Abstract
We present a rare extramedullary, bifocal, and hyposecretory manifestation of relapsed MM that could be mistaken for an infection. We stress the importance of complex evaluation including serum, urine, and bone marrow assessment and whole‐body imaging.

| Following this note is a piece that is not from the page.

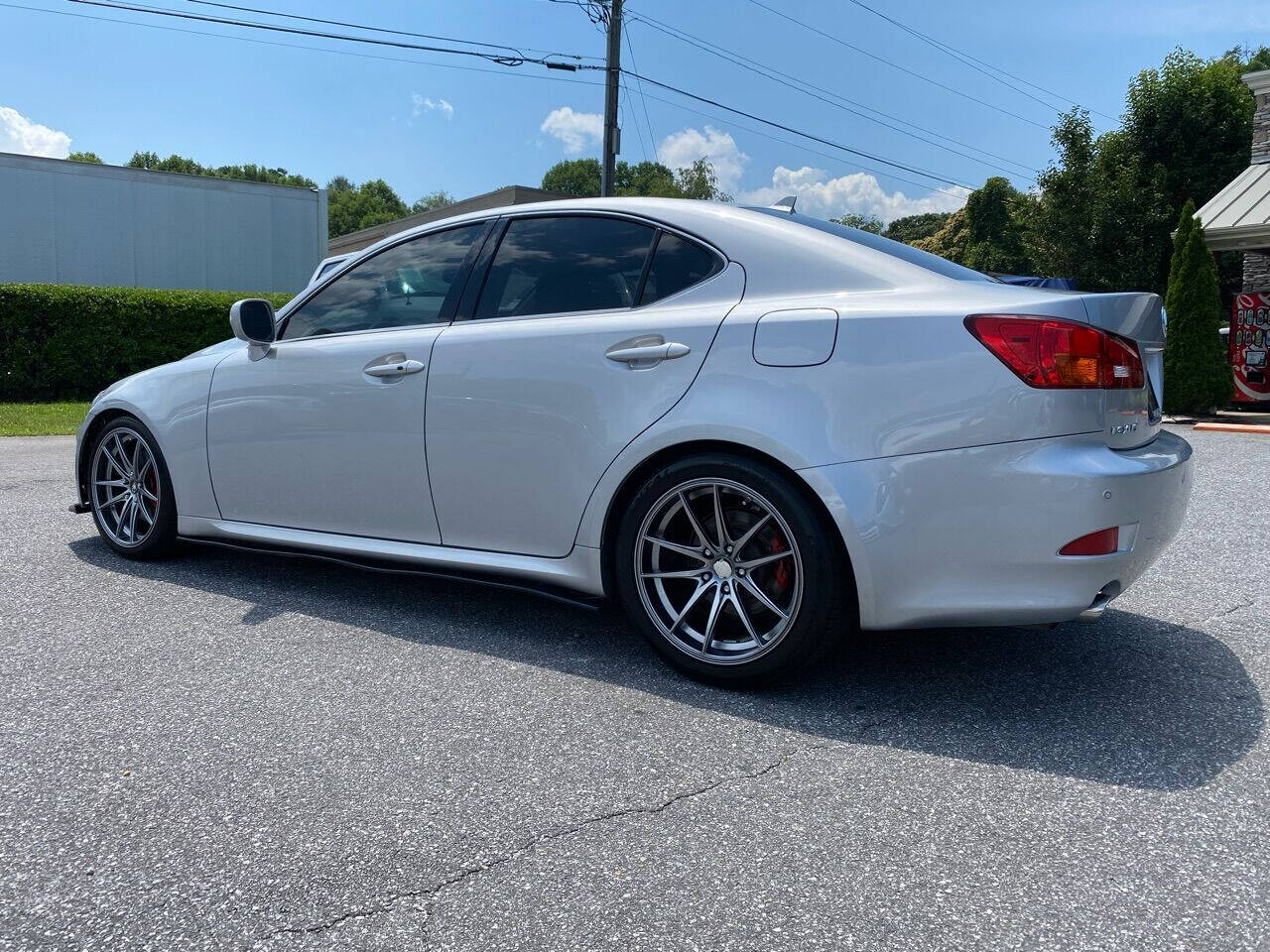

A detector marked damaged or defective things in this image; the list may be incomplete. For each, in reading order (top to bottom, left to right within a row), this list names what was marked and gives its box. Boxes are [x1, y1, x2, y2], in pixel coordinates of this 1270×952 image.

Keywords: extramedullary, hyposecretory, imaging, multiple myeloma
We present a rare extramedullary, bifocal, and hyposecretory manifestation of relapsed MM that could be mistaken for an infection. We stress the importance of complex evaluation including serum, urine, and bone marrow assessment and whole‐body imaging.
What is the new aspect of your work? A very rare manifestation of multiple myeloma relapse, being all extramedullary, bifocal, and hyposecretory. Moreover, the activity of the disease did not behave as myeloma but rather as a different (infectious) condition.
What is the central finding of your work? We stress the importance of comprehensive examination including modern diagnostic tools to elucidate the diagnosis that goes behind routine criteria.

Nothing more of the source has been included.